If you already have iWeb on your computer and it meets your needs, go with it. It’s a great program and produces nice web pages. However, if you want to move past iWeb’s limitations, get RapidWeaver. You won’t regret it.

Useful RapidWeaver Resources

Themes. The first place you might want to start expanding RapidWeaver is in your theme collection. There are a number of first and third-party themes available for free and for purchase. Some theme developers include: elixer graphics, Blue Ball Design, Multithemes, and seyDesign. Additionally, Realmac offers some additional business themes and blog themes of their own, and they showcase themes by other developers. Finally, a site called Charcoal on the Wall is a good place to go to browse and preview additional themes.

Plug-ins. Plug-ins extend RapidWeaver’s functionality. For example, RapidFLV makes embedding Flash videos a simpler task. RapidBlog integrates RapidWeaver with Blogger, and YourHead Software offers a number of plug-ins designed to give your website some additional style and polish. Again, be sure to visit Realmac’s page of plug-ins for even more great add-ons.
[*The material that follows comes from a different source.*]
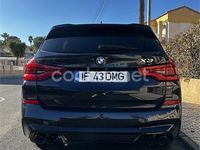Usado BMW X3 M Sport 258 CV (189 kW) 2018 Negro SUV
There is even more – downloadable theme styles, code snippets and even some utilities are available to enhance the RapidWeaver experience. In addition to the add-ons section of RapidWeaver’s site, the RealMac forums are a great place to discover more about this application and complimentary products.
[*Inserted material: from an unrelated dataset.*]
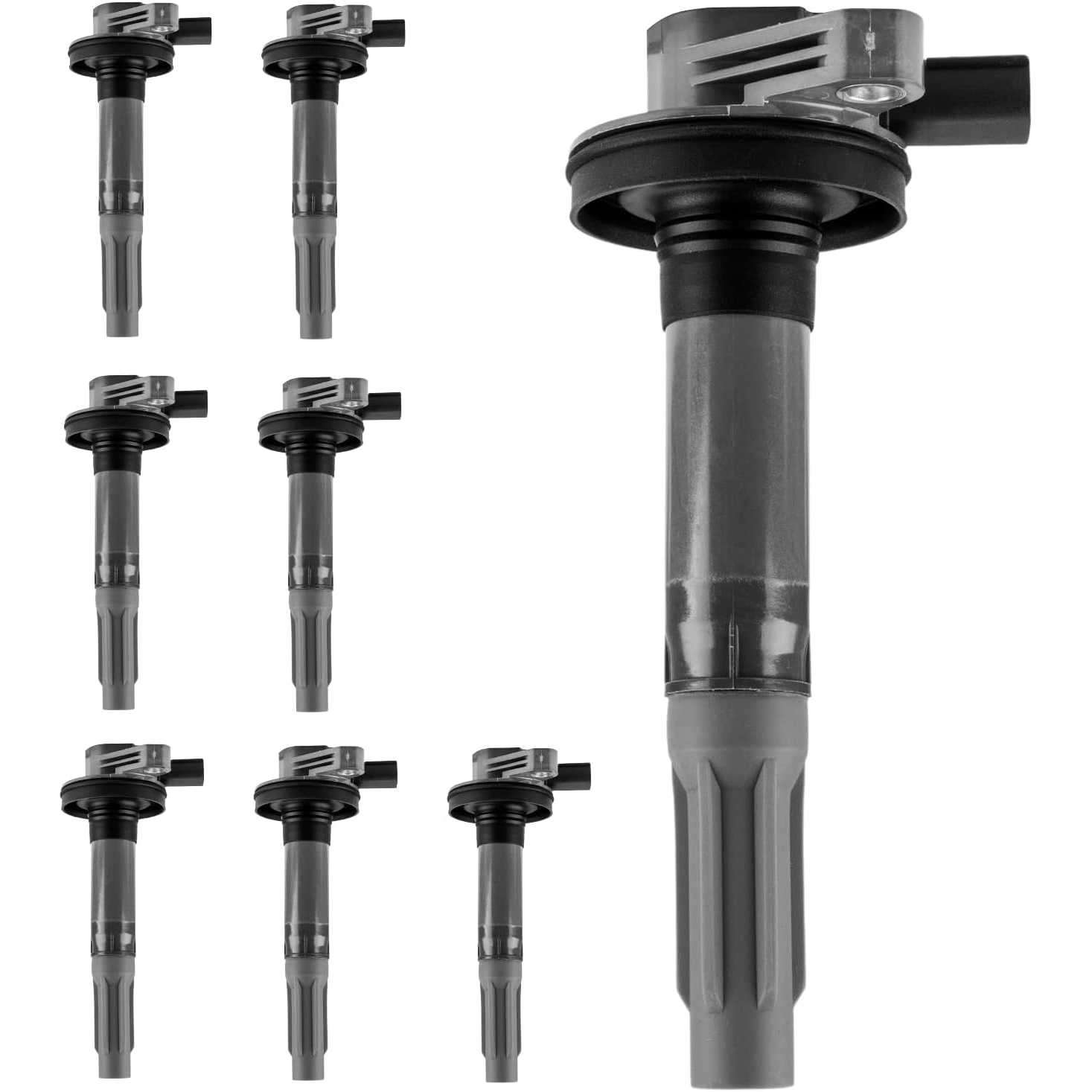 KAX® Ignition Coil Packs UF622,8 Packs Fit for F-150 2011-2016,Mustang 2011-2015 0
That wraps up this look at RapidWeaver 3.6. I hope you found it informative and useful – if not at least interesting. RapidWeaver is a great application for simplifying the process of making a web site. It’s reasonably priced for the features it offers. It has a great development community built up around it, and I’ll definitely be purchasing an upgrade license in the near future. If you have a Mac, and you are interested in setting up a website, you can’t go wrong with RapidWeaver.